* _The data_
○ ○ ○ ○ ○
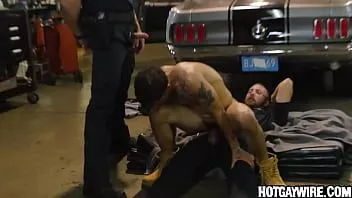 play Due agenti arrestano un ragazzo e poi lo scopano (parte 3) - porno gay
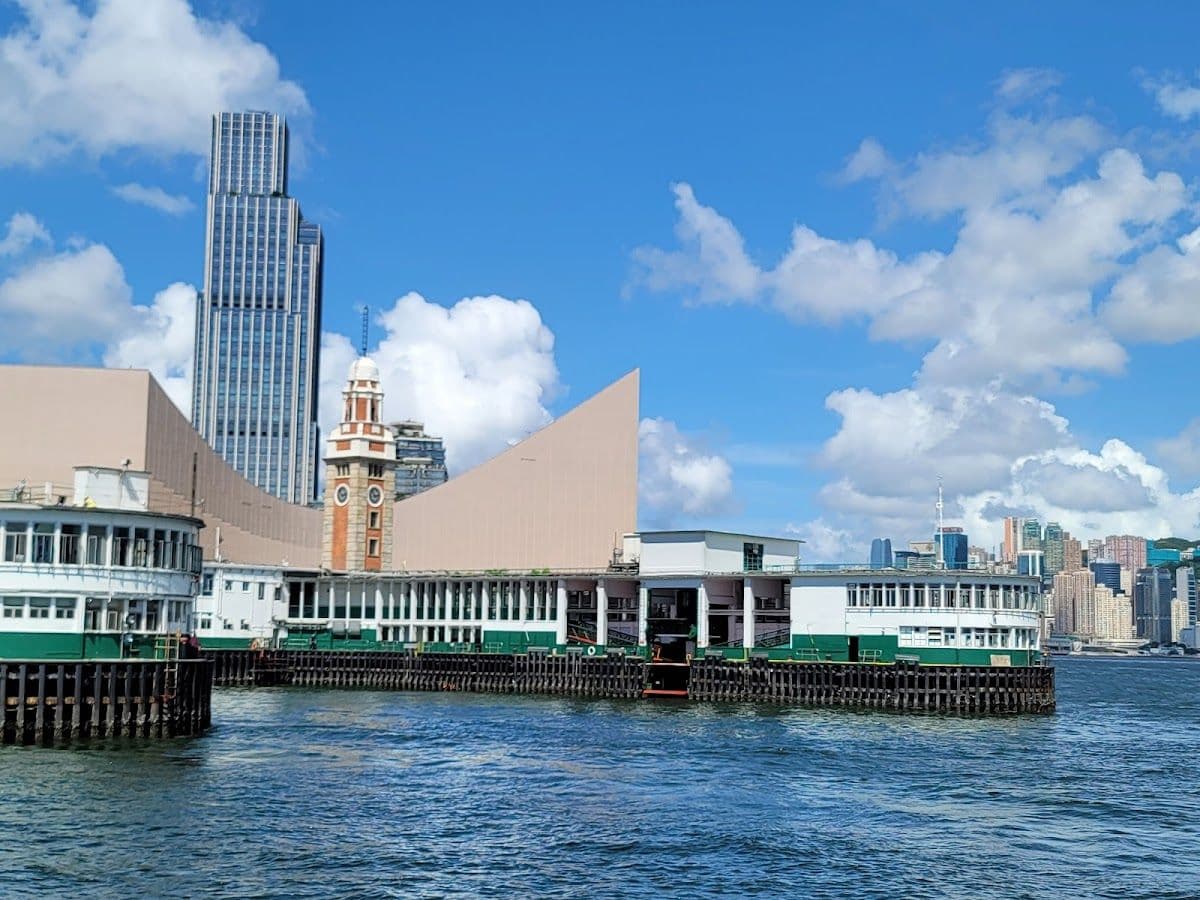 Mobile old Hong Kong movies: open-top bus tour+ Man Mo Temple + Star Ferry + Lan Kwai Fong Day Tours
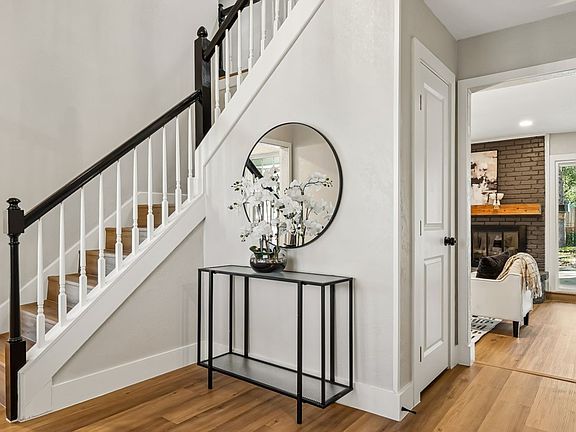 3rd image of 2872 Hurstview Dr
○ ○ ○ ○ ○
* _What this task involves_
Copy out all the data above exactly, minus the images.

* _Result of this task_
 play Due agenti arrestano un ragazzo e poi lo scopano (parte 3) - porno gay
 Mobile old Hong Kong movies: open-top bus tour+ Man Mo Temple + Star Ferry + Lan Kwai Fong Day Tours
 3rd image of 2872 Hurstview Dr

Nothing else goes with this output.